> **TASK DETAILS**:
Only the lines from the top of the material through the line containing "Racing Women's Primary" should be restated, each one exactly.

> **THE RECORDS**:

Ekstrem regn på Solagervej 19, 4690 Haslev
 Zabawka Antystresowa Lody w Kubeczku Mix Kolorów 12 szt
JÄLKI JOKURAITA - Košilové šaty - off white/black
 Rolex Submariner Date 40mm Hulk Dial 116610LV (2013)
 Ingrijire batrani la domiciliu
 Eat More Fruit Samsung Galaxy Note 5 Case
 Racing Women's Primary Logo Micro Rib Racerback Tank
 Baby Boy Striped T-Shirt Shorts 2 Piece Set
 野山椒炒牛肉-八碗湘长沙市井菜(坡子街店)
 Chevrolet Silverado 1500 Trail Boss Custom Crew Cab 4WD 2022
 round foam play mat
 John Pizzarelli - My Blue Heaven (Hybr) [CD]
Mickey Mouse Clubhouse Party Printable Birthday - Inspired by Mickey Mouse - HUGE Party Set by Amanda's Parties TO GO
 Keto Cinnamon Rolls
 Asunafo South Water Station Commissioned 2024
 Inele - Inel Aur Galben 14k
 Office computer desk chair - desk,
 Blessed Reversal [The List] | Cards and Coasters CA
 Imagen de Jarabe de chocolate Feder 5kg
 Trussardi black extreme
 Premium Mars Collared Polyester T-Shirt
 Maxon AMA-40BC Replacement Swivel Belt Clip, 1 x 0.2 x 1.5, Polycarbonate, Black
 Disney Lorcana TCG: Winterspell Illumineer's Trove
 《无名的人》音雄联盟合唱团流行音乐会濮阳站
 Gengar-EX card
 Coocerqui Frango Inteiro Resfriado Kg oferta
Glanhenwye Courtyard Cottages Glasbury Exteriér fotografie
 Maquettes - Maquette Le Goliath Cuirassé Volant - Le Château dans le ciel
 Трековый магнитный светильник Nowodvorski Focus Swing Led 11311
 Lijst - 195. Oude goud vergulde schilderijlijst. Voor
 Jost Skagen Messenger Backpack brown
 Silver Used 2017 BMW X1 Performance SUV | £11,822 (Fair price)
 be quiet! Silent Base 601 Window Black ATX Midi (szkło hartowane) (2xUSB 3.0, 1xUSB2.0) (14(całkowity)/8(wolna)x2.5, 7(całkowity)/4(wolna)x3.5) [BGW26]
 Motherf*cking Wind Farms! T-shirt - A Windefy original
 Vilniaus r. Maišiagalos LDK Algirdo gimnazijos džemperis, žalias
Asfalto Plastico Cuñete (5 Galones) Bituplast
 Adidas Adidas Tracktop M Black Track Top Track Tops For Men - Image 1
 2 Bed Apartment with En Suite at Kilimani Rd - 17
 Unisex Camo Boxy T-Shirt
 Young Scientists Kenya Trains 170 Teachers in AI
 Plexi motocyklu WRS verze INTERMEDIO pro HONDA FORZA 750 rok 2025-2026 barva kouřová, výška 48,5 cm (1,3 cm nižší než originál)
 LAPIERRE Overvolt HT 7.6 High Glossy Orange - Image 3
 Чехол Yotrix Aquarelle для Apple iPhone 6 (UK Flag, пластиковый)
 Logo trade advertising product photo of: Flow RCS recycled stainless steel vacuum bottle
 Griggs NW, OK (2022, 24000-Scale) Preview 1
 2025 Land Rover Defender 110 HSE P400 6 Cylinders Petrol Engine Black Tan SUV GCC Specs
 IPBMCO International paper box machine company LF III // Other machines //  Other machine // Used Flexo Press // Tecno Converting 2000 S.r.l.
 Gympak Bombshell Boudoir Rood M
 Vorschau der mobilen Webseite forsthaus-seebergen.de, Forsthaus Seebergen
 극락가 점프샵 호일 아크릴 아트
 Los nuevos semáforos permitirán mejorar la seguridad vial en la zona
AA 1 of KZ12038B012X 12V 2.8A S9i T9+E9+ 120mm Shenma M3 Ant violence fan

> **EXERCISE RESULT**:
Ekstrem regn på Solagervej 19, 4690 Haslev
 Zabawka Antystresowa Lody w Kubeczku Mix Kolorów 12 szt
JÄLKI JOKURAITA - Košilové šaty - off white/black
 Rolex Submariner Date 40mm Hulk Dial 116610LV (2013)
 Ingrijire batrani la domiciliu
 Eat More Fruit Samsung Galaxy Note 5 Case
 Racing Women's Primary Logo Micro Rib Racerback Tank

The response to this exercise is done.